Breakfast can be a surprisingly controversial topic filled with varying debates about satisfying early morning food cravings. While on some occasions, choosing breakfast can be as straightforward as a bowl of cereal, on other days, particularly in a home filled with people, a morning meal mash-up may ensue. From toast to eggs to parfait, there are endless tasty food options to help kick-start the day.

When it comes to eating out, the Loveless Cafe of Nashville is a firm contender for providing the best breakfast in America, but there are plenty of other beloved options enjoyed across the country. According to Cinch, a popular American breakfast is biscuits and gravy, and other options include cheese and grits, bagels, and eggs. Smoothies might very well be on their way to the top of the breakfast list, too.

If you're looking to switch up your morning meal, take a look at the way Iceland does things. Being placed deep in the Atlantic Ocean, it's not exactly shocking that fish is a staple of Icelandic breakfasts. But, as we'll find out below, Iceland takes advantage of numerous tasty creations.

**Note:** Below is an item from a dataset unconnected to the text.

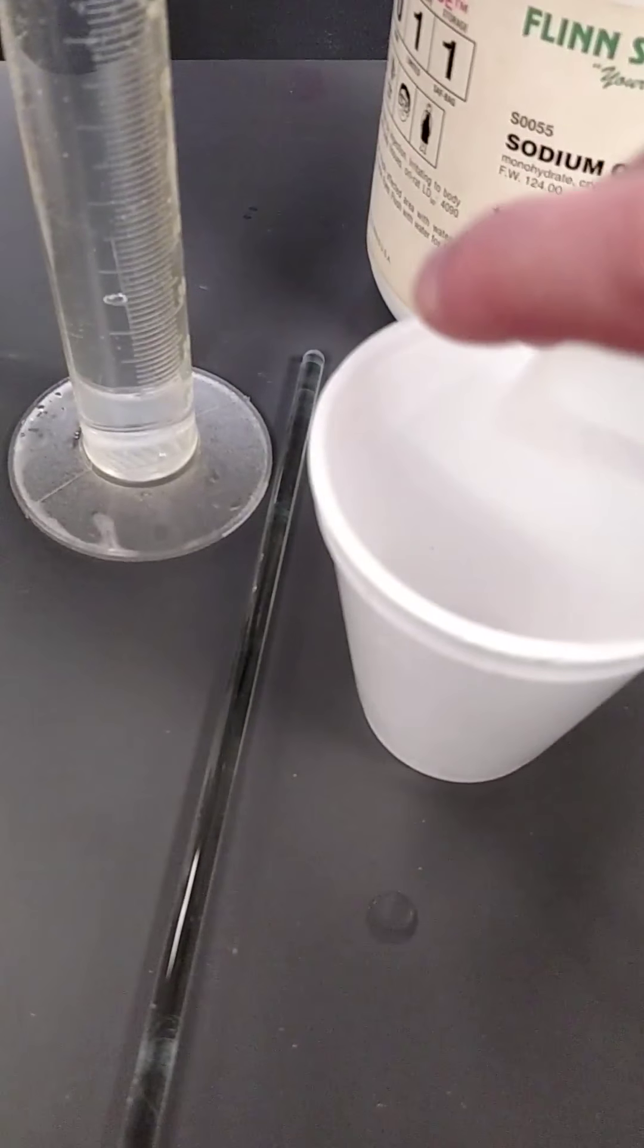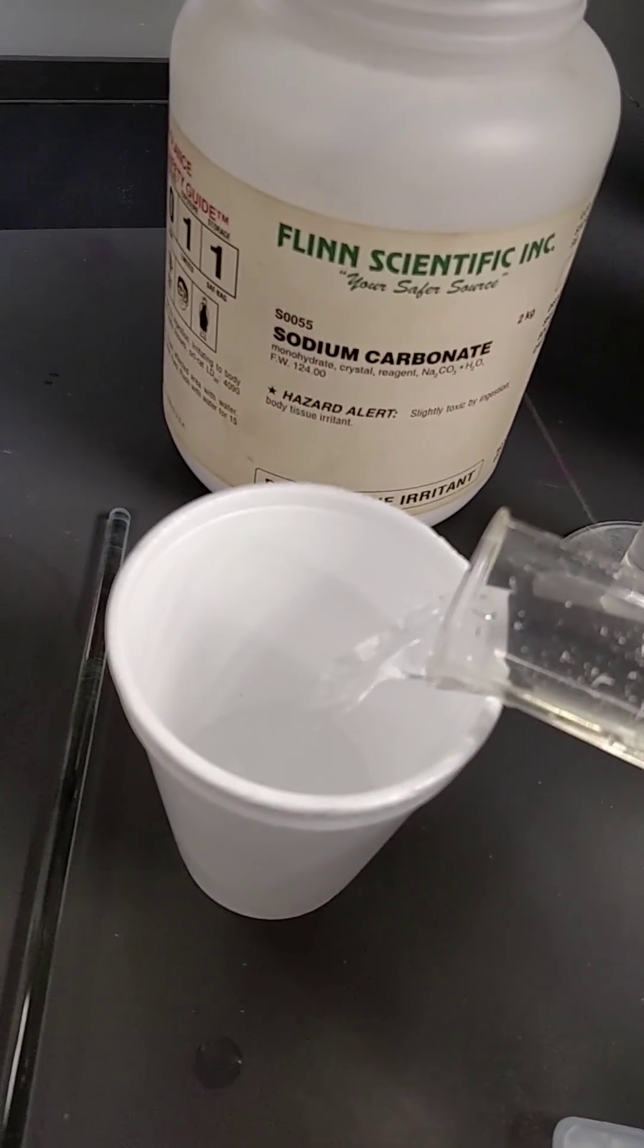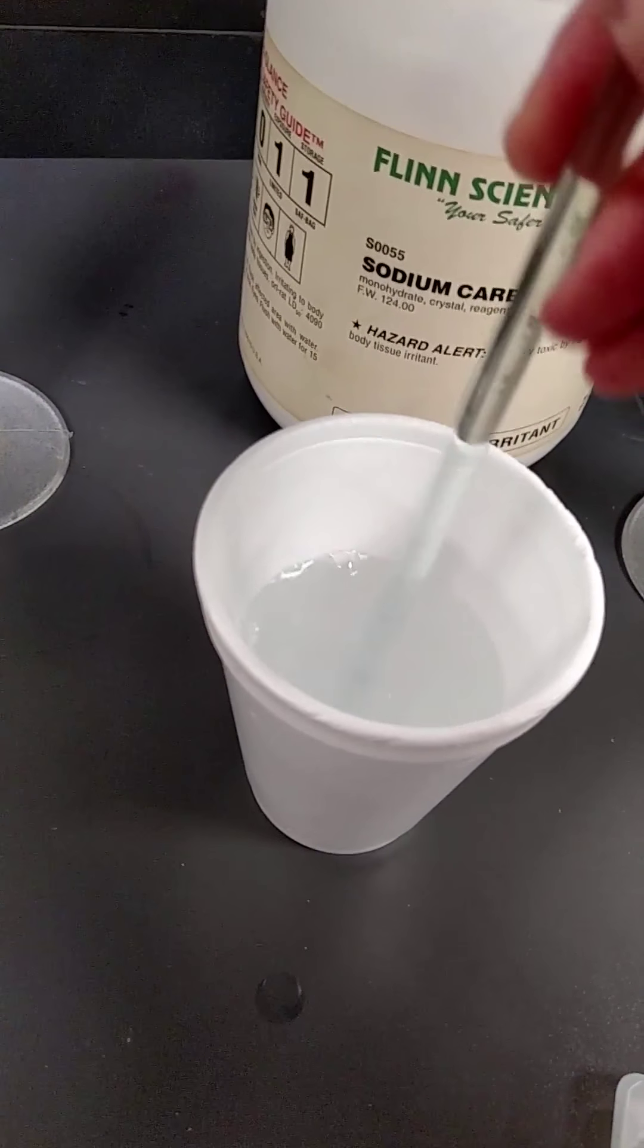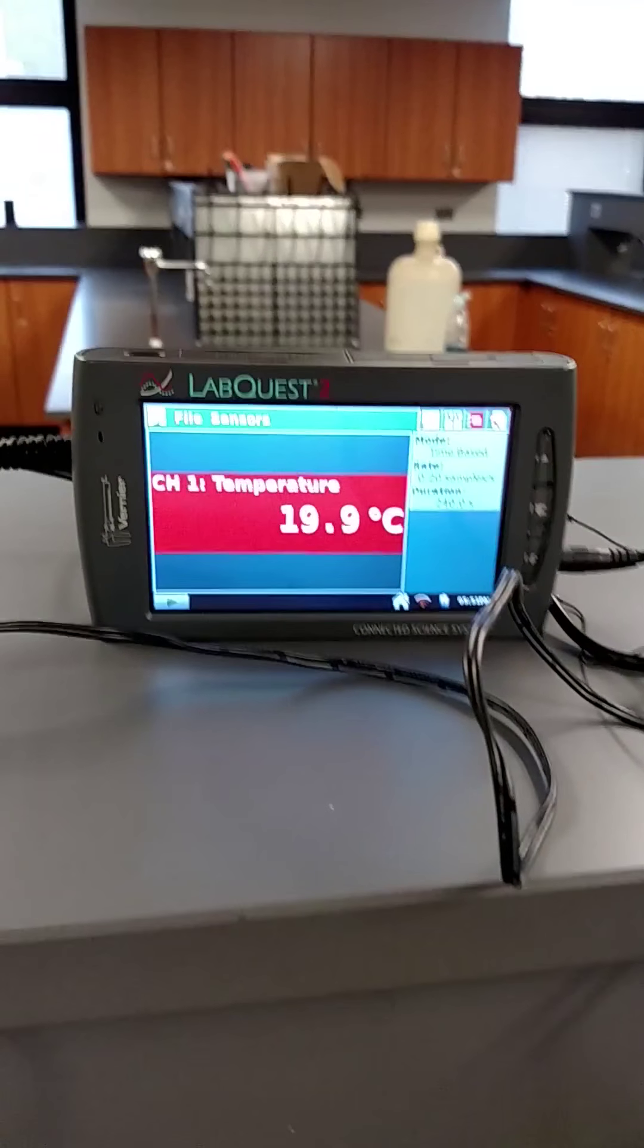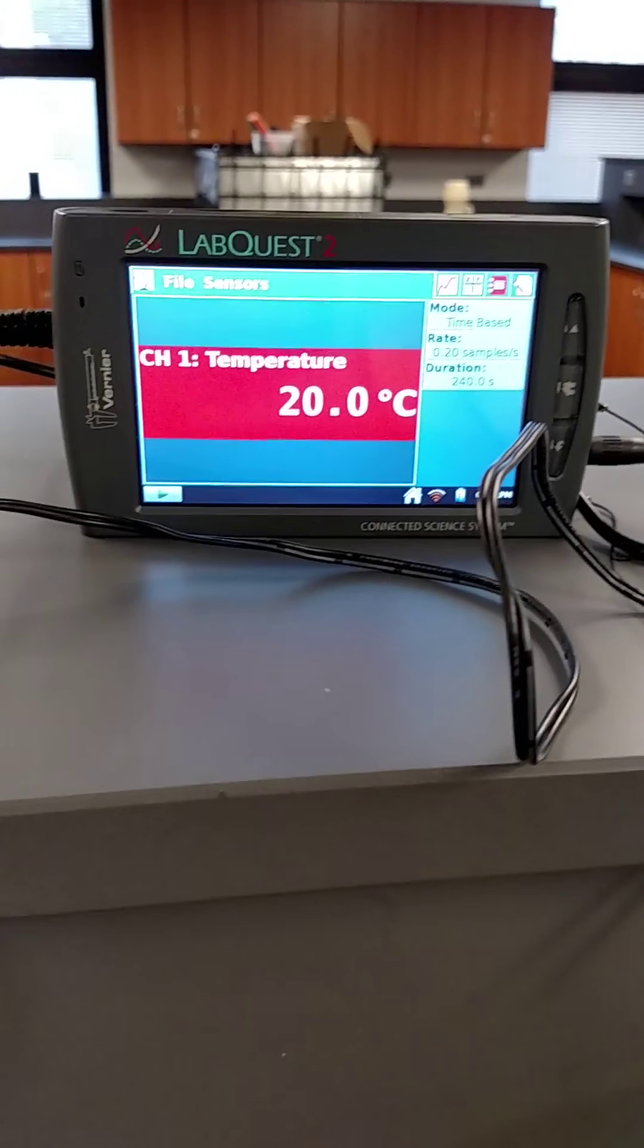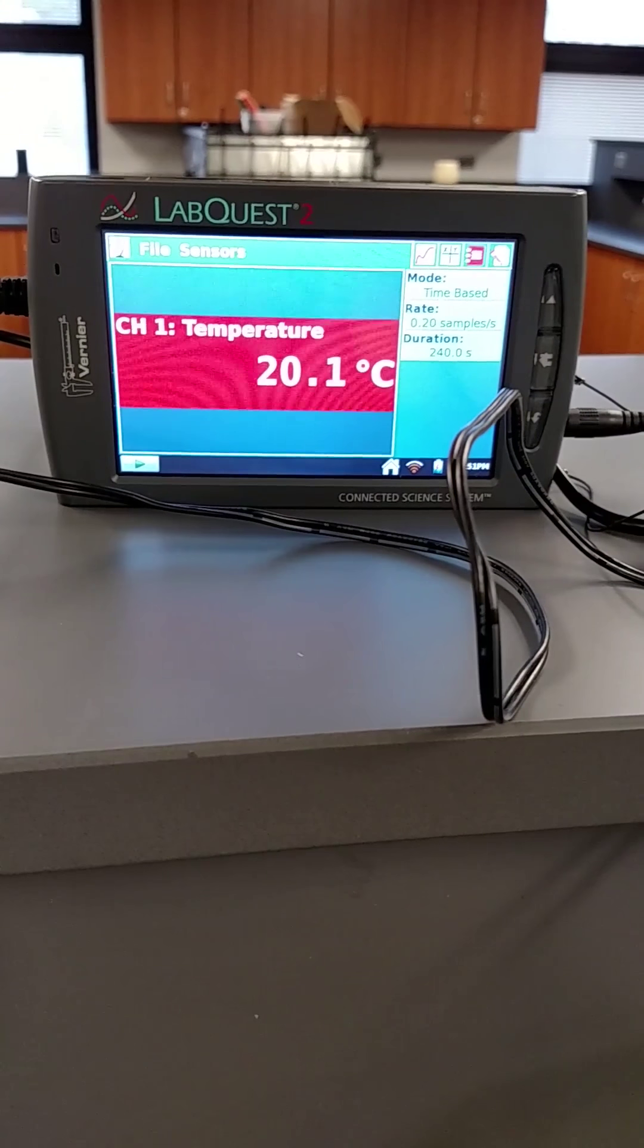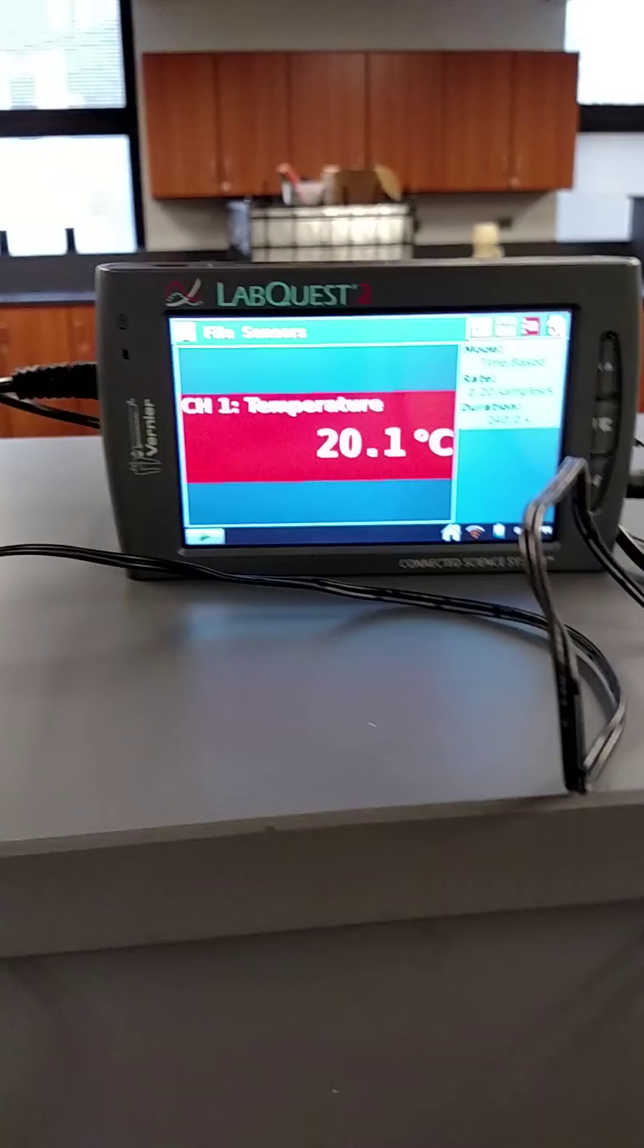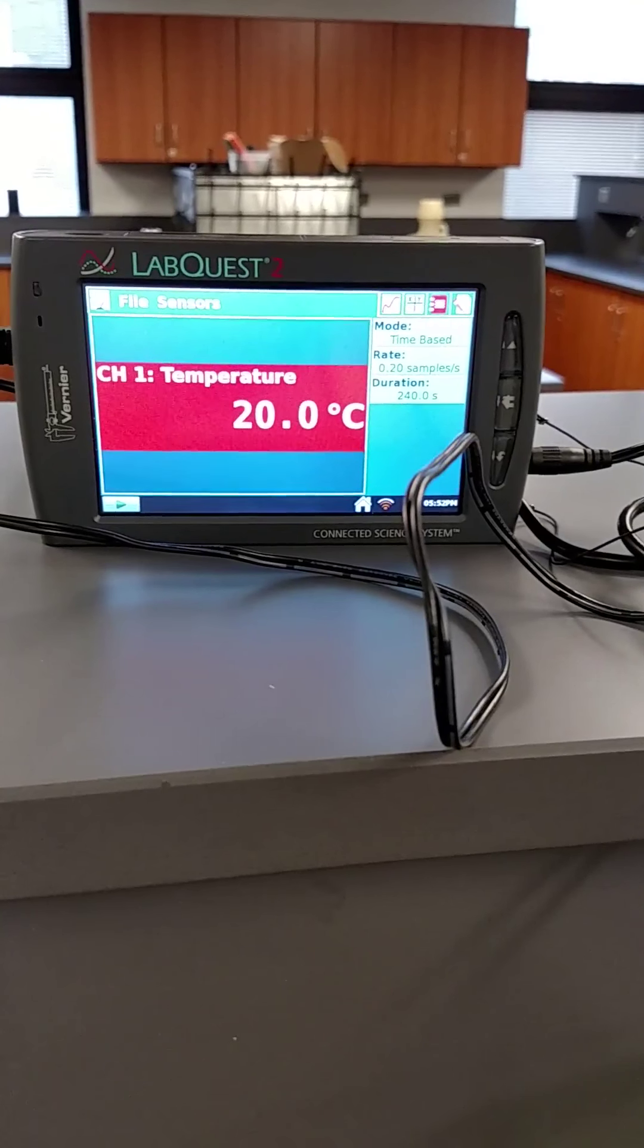Two more. Sodium carbonate. Stir. Initial temperature, 19.6. So I'm just adding these in. That's what's been happening. I believe 20.1 is the highest rate.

Healthy breakfasts are popular in Iceland

The health benefits of eating biscuits and gravy on a daily basis are questionable, which is probably why Icelanders choose more nutritional options to start their day. Iceland, in fact, is judged to be one of the world's healthiest countries, details Bloomberg.

Fish is a key ingredient in Icelandic breakfasts, specifically cod liver oil, which is known as the healthiest part of the fish. Known as Lysi, Reykjavik Auto explains that many take a shot of this oil each morning. Lysi is popular due to its impressive vitamin D and omega-3 content, which proves useful in a country that can go days without noticeable sunshine (via CNN Travel). 

The NHS reports that vitamin D is crucial for healthy bones, while the Harvard School of Public Health notes that omega-3 fatty acids are useful in tackling heart disease and high blood pressure.

Skyr, the yogurt alternative you need to know about, is another favorite breakfast food in Iceland. It's described by EatingWell as thicker and creamier than yogurt, but with more protein. Skyr is typically enjoyed with milk and berries, per Reykjavik Auto, which also notes that blueberries are a popular choice. 

If you're not a yogurt fan, you can always give oatmeal a try, Icelandic style of course. Known as hafragrautur, common additions to this morning meal are milk and brown sugar. It's particularly popular due to how filling it is and its high fiber content.